I also use them inside of compartments for light. They can be mounted in varies methods.


----------



## Fishtex (May 10, 2014)

crboggs said:


> Guys...I've seen some pics where people have what appears to be a puck / light attached to the top of their outboard. But I've not been able to find one of those online where I can purchase one.
> 
> Also...anyone have a good battery powered solution that can be mounted on the bow for those early mornings where you are up before the sun to catch the tide just right? I have zero interest in mounting something permanent or running electrical cables to the front of the boat.


I use a clamp on led light on the bow and in the stern. The batteries last forever since it’s led. I bought it as a set from Academy. The housings are camouflage which is fine for my duck/fly fishing skiff and are compact and take up little space. It may be made by Atwood.


----------



## not2shabby (Sep 14, 2016)

I’ve been tossing around the idea of a battery powered LED cycling headlight. They make some high powered ones that you could clamp on a casting platform since most are designed to clamp on handle bars. I haven’t tested any yet, but I think my friend has.


----------



## Redfisher80 (Jul 17, 2017)

I bought a cheap 12” led lightbar....an extra min kota puck (quick Disconnect) and an extra teolling motor plug. 
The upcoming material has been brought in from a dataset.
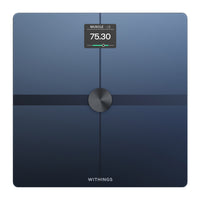 Withings - Body Smart Balance Wi-Fi avec composition corporelle avancée - Noir-Composition corporelle avancée (masse grasse, hydrique, musculaire et osseuse)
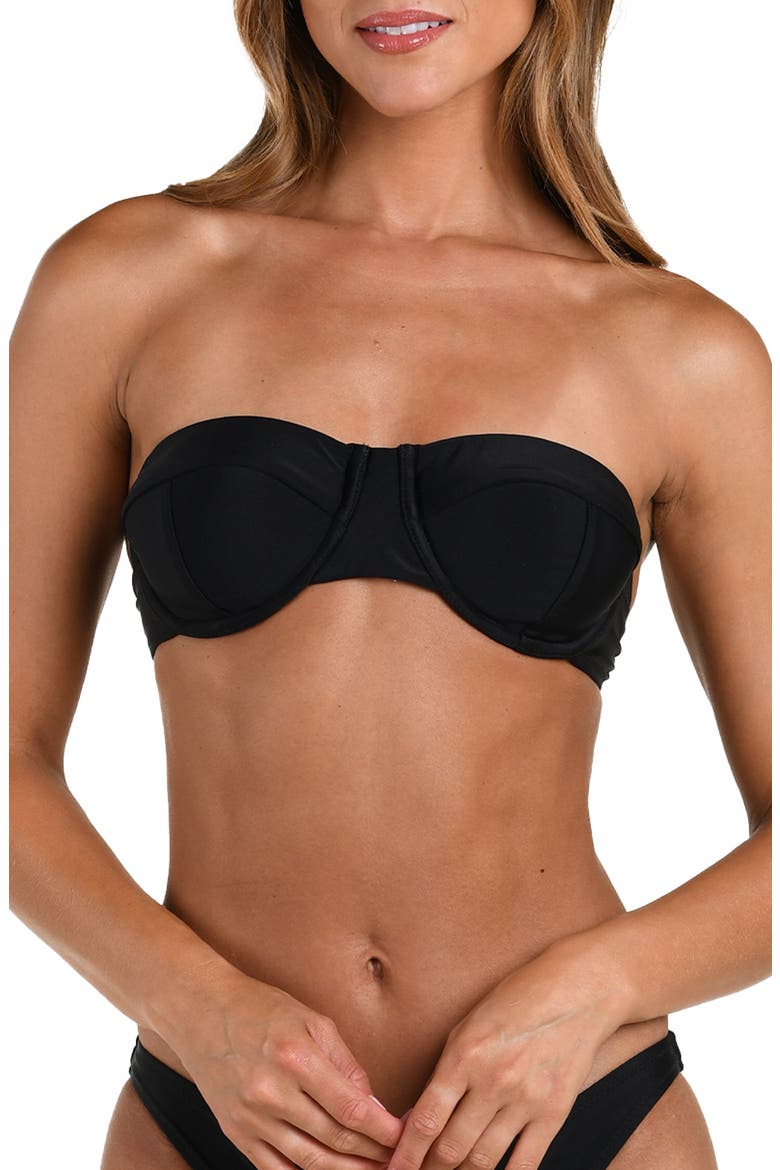 Alexandria Underwire Bikini Top, Main, color, BLACK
I just remove the trolling motor when running at night then swap it out when I get to my spot. Love it and it’s super bright! I have run 25 minutes in the dark, checked the battery and was still full before I started fishing.
I have a 31 series AGM battery up front.

I’ll take some pics and post them for reference if anyone is interested....setup works awesome!

Redfisher


----------



## hipshot (Sep 29, 2018)

"Guys...I've seen some pics where people have what appears to be a puck / light attached to the top of their outboard."

Be advised that your white all-around (360 degree) light must be one meter above your (red & green) sidelights. Those lights mounted on the outboard's cowling are neither high enough, nor visible for 360 degrees.


----------



## Cam (Apr 5, 2017)

hipshot said:


> Be advised that your white all-around (360 degree) light must be one meter above your (red & green) sidelights. Those lights mounted on the outboard's cowling are neither high enough, nor visible for 360 degrees.


This. In our waters it is common for boats being pulled over for other violations (typically speeding) or a license/permit check to get a safety inspection. If the anchor light is too low, the navigation lights are too low or a boat lacks the proper PFDs, expect an additional ticket.


----------